# What you will do
Below are entries. Copy exactly the lines running from the line that holds "GeeRA（ジーラ）の「ギャザーリボンノースリブラウス（シャツ/ブラウス）」" to the line that holds "Benetton Blue Vichy", with both ends included.

# Dataset entries
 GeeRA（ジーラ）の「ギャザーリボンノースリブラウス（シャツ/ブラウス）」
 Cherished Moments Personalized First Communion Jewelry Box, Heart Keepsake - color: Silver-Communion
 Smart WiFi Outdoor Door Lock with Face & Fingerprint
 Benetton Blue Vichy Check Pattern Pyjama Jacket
* * *
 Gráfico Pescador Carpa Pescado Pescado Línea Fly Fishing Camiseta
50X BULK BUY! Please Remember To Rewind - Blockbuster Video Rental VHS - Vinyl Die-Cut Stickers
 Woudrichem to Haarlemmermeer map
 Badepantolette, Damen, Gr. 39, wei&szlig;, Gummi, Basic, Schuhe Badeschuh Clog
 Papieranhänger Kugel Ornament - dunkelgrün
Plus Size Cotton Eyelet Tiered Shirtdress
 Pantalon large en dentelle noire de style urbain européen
...
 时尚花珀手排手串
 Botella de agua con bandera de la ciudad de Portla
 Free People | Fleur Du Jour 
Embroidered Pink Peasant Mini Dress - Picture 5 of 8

# Task response
 GeeRA（ジーラ）の「ギャザーリボンノースリブラウス（シャツ/ブラウス）」
 Cherished Moments Personalized First Communion Jewelry Box, Heart Keepsake - color: Silver-Communion
 Smart WiFi Outdoor Door Lock with Face & Fingerprint
 Benetton Blue Vichy Check Pattern Pyjama Jacket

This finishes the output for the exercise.